You’re publicly ‘off the shelf’ when you’re a Mrs. There’s no point being coquettish about it. You are by prefix the solid dependable type. On the other hand, Miss. is sweet, until you turn 35 and then it’s condescending and you sound like an old spinster who has been passed over. Good on the French deciding recently that Mademoiselle (Miss) was outdated. Now you’re a Madame whatever your marital status and you can’t be judged on it by society or bureaucracy. French feminists have hailed it as a symbolic win for gender equality and I agree with them. Language shapes our attitudes and cultures and as a woman, and an individual, I would like to be addressed however I wish. And I don’t wish to be the cheese and kisses.

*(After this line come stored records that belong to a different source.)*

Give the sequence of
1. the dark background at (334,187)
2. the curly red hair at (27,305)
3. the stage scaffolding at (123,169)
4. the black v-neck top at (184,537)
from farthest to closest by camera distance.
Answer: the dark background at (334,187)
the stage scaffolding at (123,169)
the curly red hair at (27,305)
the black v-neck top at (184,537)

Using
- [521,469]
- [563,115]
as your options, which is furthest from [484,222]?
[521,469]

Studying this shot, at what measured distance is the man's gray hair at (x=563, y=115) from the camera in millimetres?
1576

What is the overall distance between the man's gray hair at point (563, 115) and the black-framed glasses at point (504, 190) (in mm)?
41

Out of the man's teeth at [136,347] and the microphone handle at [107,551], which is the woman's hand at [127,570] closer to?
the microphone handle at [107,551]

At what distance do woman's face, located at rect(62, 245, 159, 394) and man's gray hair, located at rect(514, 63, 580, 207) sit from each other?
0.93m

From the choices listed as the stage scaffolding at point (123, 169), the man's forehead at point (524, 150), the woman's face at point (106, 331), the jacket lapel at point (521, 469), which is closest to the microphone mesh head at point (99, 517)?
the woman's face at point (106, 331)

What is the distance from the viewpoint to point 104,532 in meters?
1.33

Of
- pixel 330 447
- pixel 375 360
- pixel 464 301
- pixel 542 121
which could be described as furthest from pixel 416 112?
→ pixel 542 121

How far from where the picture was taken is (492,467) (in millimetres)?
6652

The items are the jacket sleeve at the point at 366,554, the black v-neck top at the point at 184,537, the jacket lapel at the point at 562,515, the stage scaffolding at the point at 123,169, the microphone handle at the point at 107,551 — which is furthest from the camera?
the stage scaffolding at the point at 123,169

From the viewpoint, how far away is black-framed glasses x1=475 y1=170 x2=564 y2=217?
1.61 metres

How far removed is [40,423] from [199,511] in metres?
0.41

Ms. at least measures up to Mr.

In doctors’ waiting rooms you can fill out the clipboard as Ms. knowing you’re in safely ambiguous territory no matter what’s wrong with you. The only way they’ll work out if your better half is responsible for your ailment is if they spy a wedding ring.

Which brings me back to why I still like the idea of being a wife. Everyone knows we’re a couple committed to each other and the children. But perhaps because I’m not constitutionally a wife, my soft pink, slightly insecure underbelly wonders how the man I love can really be so opposed to  marriage. Well, not opposed to marriage per se, (he’s a very modern man) but opposed to the idea of marrying me. Maybe it’s the legacy of growing up female – all those fairytale happy endings that were read to us. That Cinderella has a lot to answer for.

My paramour has joked that if ever we’re in Vegas, we can hire Elvis and Priscilla costumes and get married at the Little White Chapel. I only half believe him. Though if we ever do plan a holiday to the States, I’ll make sure I pack a pretty frock, just in case. And I’ll make sure I cross out Mrs. on the paperwork.